Top of Provided records
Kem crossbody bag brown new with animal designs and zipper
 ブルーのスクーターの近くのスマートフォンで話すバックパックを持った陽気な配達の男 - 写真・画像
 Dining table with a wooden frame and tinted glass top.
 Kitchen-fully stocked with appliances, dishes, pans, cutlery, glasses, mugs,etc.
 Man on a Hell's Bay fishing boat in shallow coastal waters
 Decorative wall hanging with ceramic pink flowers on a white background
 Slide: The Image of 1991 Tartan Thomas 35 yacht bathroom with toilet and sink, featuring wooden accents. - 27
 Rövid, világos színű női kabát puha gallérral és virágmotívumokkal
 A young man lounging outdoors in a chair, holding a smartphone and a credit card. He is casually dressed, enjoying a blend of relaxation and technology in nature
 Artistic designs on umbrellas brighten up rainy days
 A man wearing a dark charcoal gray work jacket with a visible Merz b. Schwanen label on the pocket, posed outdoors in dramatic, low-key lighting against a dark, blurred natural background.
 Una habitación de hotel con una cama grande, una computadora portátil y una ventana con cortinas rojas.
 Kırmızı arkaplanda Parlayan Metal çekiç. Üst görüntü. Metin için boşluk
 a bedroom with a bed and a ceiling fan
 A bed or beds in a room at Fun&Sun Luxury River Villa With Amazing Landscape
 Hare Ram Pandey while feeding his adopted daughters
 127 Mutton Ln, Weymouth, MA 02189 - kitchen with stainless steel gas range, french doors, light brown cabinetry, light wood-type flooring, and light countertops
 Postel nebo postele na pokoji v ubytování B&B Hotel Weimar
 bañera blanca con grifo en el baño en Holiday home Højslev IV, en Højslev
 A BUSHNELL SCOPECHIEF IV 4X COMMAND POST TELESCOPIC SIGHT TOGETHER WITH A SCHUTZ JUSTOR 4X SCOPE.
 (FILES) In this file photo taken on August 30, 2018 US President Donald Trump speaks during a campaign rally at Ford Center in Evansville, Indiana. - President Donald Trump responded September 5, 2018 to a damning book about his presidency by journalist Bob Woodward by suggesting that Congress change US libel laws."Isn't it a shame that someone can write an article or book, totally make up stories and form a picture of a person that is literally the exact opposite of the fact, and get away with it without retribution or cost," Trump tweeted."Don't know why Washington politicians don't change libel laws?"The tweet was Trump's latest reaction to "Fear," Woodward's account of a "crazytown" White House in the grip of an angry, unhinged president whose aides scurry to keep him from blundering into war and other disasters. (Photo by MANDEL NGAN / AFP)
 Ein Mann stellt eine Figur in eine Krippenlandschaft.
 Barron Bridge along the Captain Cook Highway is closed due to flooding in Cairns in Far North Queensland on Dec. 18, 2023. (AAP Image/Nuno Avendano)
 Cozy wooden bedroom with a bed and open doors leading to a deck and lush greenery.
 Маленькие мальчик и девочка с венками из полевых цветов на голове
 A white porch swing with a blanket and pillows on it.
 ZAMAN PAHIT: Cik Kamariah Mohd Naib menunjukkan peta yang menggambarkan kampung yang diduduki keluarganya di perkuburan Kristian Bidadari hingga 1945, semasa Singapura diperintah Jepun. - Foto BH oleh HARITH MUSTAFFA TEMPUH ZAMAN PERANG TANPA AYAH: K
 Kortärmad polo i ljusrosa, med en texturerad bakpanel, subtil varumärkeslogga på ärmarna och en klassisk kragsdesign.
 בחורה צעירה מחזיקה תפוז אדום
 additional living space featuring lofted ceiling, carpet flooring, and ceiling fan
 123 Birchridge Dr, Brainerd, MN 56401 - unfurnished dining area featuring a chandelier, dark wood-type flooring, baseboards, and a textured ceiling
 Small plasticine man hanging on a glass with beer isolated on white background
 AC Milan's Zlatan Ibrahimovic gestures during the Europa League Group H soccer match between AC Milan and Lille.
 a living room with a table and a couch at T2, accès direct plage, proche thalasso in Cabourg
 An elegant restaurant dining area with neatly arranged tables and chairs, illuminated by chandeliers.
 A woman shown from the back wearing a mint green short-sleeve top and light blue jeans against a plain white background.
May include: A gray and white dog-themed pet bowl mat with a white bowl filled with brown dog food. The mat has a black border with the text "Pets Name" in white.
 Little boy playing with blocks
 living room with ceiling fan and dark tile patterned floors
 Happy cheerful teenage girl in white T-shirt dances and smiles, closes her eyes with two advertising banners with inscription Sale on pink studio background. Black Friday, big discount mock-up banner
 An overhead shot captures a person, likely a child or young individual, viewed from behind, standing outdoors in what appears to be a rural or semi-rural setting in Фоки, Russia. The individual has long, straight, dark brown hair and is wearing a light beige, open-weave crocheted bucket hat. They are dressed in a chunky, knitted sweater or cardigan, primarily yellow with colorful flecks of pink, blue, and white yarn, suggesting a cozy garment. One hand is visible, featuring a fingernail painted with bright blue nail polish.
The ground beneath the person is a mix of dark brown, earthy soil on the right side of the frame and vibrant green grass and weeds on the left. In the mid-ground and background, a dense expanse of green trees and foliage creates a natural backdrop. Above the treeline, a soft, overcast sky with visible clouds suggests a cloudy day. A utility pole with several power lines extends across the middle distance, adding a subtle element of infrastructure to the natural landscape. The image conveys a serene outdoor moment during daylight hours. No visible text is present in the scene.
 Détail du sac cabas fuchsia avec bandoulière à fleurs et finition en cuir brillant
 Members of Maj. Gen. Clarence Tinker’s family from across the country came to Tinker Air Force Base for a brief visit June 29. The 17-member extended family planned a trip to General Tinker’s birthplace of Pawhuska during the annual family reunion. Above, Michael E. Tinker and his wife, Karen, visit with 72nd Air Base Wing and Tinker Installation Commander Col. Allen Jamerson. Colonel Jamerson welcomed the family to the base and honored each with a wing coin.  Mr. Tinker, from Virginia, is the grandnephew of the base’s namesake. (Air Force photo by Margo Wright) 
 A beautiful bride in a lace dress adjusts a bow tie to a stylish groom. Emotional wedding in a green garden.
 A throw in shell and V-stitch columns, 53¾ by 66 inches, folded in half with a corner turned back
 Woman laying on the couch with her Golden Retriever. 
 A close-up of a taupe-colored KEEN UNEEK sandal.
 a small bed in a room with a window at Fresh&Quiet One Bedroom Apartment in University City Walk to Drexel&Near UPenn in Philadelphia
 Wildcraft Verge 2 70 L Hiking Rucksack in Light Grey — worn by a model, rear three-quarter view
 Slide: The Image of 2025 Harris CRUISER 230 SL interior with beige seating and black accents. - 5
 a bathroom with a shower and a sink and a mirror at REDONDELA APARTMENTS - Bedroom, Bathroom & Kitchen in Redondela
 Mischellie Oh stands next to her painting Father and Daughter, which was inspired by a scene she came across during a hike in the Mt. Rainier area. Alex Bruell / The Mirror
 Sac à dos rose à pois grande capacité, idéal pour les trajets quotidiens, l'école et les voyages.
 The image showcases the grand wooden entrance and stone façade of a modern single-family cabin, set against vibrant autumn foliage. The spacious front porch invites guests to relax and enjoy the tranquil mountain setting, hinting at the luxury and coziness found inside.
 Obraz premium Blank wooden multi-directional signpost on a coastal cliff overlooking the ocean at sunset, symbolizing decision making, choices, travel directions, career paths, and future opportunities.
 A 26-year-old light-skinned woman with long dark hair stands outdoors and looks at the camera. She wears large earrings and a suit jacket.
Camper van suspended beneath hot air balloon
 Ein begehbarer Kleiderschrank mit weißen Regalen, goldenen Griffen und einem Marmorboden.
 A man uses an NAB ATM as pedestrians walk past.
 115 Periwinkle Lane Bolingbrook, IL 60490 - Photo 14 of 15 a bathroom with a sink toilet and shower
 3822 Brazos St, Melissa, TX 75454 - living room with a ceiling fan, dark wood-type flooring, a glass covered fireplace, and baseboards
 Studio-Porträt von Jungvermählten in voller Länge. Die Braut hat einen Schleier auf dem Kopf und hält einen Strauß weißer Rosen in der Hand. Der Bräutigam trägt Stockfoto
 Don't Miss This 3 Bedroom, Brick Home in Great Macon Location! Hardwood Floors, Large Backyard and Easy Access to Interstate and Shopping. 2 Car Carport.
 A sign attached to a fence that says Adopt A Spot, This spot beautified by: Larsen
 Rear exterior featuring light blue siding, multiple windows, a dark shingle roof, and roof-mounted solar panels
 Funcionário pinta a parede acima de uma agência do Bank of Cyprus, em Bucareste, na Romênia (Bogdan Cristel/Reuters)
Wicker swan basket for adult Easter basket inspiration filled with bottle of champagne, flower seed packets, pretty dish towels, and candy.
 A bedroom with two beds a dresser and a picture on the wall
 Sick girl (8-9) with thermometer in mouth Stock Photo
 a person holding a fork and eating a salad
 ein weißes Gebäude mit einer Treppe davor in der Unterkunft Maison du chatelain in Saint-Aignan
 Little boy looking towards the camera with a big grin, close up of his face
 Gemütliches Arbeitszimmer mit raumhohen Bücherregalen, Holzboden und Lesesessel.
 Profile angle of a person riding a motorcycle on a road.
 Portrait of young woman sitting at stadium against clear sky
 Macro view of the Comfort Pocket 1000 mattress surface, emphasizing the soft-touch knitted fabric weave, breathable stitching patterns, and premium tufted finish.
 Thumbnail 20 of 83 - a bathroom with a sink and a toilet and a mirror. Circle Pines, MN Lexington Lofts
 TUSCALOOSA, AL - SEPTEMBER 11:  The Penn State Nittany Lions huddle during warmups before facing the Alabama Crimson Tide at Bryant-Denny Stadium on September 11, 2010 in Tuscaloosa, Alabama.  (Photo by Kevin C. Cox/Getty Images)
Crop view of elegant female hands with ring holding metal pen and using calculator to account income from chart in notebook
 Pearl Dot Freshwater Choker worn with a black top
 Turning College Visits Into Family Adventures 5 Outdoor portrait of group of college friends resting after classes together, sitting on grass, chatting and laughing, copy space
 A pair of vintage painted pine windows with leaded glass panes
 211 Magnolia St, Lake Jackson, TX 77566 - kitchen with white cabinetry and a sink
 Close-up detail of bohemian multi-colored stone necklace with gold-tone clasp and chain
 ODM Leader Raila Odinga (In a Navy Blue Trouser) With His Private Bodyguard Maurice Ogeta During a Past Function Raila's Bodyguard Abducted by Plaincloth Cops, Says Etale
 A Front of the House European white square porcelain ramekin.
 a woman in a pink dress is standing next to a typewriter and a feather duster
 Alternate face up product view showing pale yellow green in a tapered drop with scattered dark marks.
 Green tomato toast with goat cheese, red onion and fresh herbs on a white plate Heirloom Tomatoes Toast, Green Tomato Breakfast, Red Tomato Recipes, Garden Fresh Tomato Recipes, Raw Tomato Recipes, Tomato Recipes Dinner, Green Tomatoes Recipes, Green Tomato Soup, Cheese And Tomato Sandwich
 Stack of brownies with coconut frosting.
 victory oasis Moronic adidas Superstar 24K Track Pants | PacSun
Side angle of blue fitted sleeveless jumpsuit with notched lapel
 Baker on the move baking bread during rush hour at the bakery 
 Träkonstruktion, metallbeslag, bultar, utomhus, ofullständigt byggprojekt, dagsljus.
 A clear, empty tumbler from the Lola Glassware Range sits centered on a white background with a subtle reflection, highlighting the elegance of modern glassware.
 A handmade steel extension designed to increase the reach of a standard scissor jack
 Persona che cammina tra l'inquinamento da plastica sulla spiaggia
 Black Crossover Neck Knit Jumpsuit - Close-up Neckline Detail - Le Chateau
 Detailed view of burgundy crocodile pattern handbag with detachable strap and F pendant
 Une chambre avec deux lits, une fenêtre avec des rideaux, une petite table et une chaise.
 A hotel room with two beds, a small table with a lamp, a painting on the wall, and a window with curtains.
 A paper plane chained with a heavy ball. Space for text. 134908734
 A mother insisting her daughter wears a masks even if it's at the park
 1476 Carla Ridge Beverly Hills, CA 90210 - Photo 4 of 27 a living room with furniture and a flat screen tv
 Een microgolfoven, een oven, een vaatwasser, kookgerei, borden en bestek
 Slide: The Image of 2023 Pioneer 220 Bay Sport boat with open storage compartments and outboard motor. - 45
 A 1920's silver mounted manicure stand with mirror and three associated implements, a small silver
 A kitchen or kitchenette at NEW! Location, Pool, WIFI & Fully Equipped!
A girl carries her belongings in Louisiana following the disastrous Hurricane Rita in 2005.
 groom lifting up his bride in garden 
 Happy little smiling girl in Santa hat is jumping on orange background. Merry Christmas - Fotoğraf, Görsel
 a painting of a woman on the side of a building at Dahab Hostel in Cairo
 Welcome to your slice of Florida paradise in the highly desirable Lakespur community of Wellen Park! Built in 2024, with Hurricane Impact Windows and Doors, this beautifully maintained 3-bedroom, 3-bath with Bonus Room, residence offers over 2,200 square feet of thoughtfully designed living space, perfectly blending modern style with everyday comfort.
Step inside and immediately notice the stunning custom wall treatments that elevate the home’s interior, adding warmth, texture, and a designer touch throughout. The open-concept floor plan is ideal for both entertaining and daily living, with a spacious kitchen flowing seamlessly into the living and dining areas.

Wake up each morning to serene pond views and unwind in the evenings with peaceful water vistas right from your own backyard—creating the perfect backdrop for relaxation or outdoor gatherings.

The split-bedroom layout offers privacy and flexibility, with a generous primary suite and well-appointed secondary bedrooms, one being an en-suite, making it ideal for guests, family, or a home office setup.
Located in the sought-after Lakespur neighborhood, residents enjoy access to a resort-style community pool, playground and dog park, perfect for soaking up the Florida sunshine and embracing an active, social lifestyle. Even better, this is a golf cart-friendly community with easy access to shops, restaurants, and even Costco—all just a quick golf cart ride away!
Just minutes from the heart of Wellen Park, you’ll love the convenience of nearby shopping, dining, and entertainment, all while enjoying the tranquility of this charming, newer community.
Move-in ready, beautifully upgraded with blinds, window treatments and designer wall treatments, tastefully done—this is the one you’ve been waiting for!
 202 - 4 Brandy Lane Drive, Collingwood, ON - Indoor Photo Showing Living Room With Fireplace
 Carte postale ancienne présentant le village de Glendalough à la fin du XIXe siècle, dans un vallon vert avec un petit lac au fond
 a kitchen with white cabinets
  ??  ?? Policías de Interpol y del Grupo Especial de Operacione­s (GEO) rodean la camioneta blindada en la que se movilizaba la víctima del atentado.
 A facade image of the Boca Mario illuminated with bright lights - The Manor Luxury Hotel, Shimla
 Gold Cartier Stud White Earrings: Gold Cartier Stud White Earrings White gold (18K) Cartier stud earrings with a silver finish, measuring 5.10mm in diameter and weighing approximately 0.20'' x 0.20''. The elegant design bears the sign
Bottom of Provided records
■ Task goal: Copy every line of the data above, beginning with the first and ending with the line that contains "Hare Ram Pandey", and give nothing more.

■ Answer section:
Kem crossbody bag brown new with animal designs and zipper
 ブルーのスクーターの近くのスマートフォンで話すバックパックを持った陽気な配達の男 - 写真・画像
 Dining table with a wooden frame and tinted glass top.
 Kitchen-fully stocked with appliances, dishes, pans, cutlery, glasses, mugs,etc.
 Man on a Hell's Bay fishing boat in shallow coastal waters
 Decorative wall hanging with ceramic pink flowers on a white background
 Slide: The Image of 1991 Tartan Thomas 35 yacht bathroom with toilet and sink, featuring wooden accents. - 27
 Rövid, világos színű női kabát puha gallérral és virágmotívumokkal
 A young man lounging outdoors in a chair, holding a smartphone and a credit card. He is casually dressed, enjoying a blend of relaxation and technology in nature
 Artistic designs on umbrellas brighten up rainy days
 A man wearing a dark charcoal gray work jacket with a visible Merz b. Schwanen label on the pocket, posed outdoors in dramatic, low-key lighting against a dark, blurred natural background.
 Una habitación de hotel con una cama grande, una computadora portátil y una ventana con cortinas rojas.
 Kırmızı arkaplanda Parlayan Metal çekiç. Üst görüntü. Metin için boşluk
 a bedroom with a bed and a ceiling fan
 A bed or beds in a room at Fun&Sun Luxury River Villa With Amazing Landscape
 Hare Ram Pandey while feeding his adopted daughters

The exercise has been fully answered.